Retype all of the data shown below, keeping every character the same.

Collected material Start Marker

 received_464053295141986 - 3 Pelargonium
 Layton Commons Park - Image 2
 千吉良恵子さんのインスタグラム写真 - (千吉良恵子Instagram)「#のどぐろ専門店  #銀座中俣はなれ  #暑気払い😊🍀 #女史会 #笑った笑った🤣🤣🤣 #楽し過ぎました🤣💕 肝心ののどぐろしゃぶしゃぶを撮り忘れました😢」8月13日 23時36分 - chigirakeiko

Collected material End Marker

**Your response**
 received_464053295141986 - 3 Pelargonium
 Layton Commons Park - Image 2
 千吉良恵子さんのインスタグラム写真 - (千吉良恵子Instagram)「#のどぐろ専門店  #銀座中俣はなれ  #暑気払い😊🍀 #女史会 #笑った笑った🤣🤣🤣 #楽し過ぎました🤣💕 肝心ののどぐろしゃぶしゃぶを撮り忘れました😢」8月13日 23時36分 - chigirakeiko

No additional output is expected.